On this day 40 years ago, Democrat Harold Washington defeated Republican Bernie Epton to become Chicago's first Black mayor. Here is a look back, with our full 6 p.m. newscast from that day.
-- On April 12, 1983 – 40 years ago Wednesday – Chicago voters went to the polls to elect a new mayor, and voter turnout set a record.
After a classic newscast open, we begin with Carol Krause at the Board of Election Commissioners. As of 6 p.m., almost 1.5 million people had already voted in Chicago, and total turnout was estimated at 88 percent. By contrast, the runoff election between Mayor-elect Brandon Johnson and Paul Vallas last week was only 35 percent.
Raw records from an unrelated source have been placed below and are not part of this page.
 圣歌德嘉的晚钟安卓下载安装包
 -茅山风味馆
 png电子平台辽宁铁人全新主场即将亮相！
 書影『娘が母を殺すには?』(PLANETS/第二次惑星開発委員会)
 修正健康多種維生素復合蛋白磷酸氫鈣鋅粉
Meanwhile, Epton's supporters spent Election Day knocking on doors on the Northwest Side. The residents of the ward were lifelong Democrats, but precinct captains did not expect Democratic nominee Washington would get much more than 6 percent of the vote. Finally, a brief piece of non-election news – Illinois state Sen. William Marovitz is pleading innocent to federal charges of influence peddling. He is accused of trying to extort a Skokie construction company. Marovitz was ultimately acquitted of those charges.John Coughlin has the weather forecast.
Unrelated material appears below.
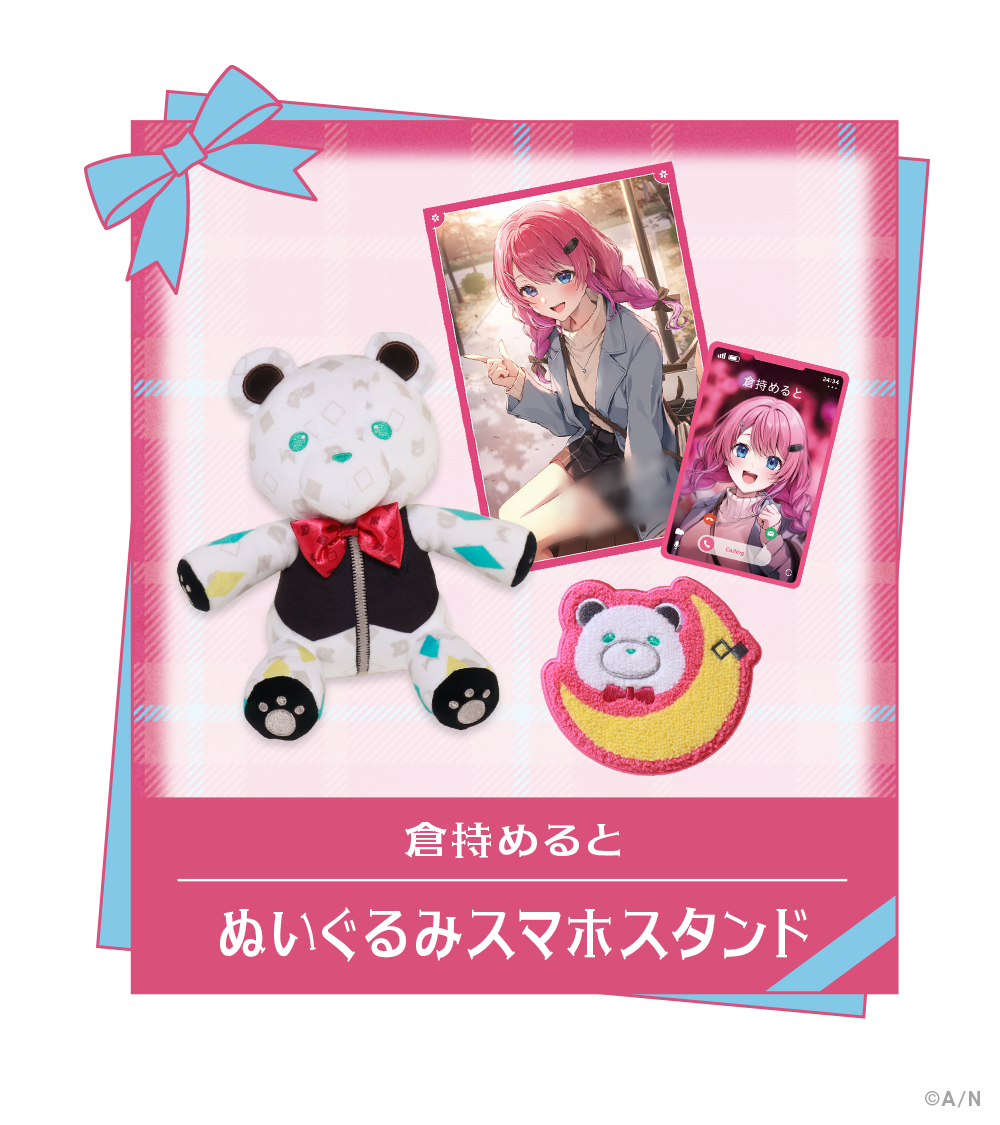 倉持めると ぬいぐるみスマホスタンド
You'll notice a lot of names familiar to students of 2023 Chicago politics among these candidates. Recently-retired U.S. Rep. Bobby Rush was challenging Ald. William Barnett in the 2nd Ward – Rush won that race, and served as an alderman until he first ran for Congress in 1992. Meanwhile, Timothy Evans, who had been alderman of the 4th Ward since 1973, was facing a challenge from Toni Preckwinkle.
Epton's main line of attack against Washington revolved around past legal issues – most notably the fact that while serving as a state representative, Washington had pleaded no contest in 1971 to failing to file tax returns for four nonconsecutive years. As David Moberg explained in, Washington had had income taxes deducted for all the years in question, but had only failed to file a return. The amount Washington owed for all the four years in question amounted to $508.
The most infamous incident in the campaign came on Palm Sunday – only a couple of weeks before Election Day – when Washington was stumping with then-Presidential candidate Walter Mondale at St. Pascal Roman Catholic Church on West Irving Park Road. Epton supporters gathered in a hostile and vitriolic mob of what was reported to be more than 200 people, holding signs and screaming at the candidates. Racial slurs were hurled, and some accounts say stones were thrown.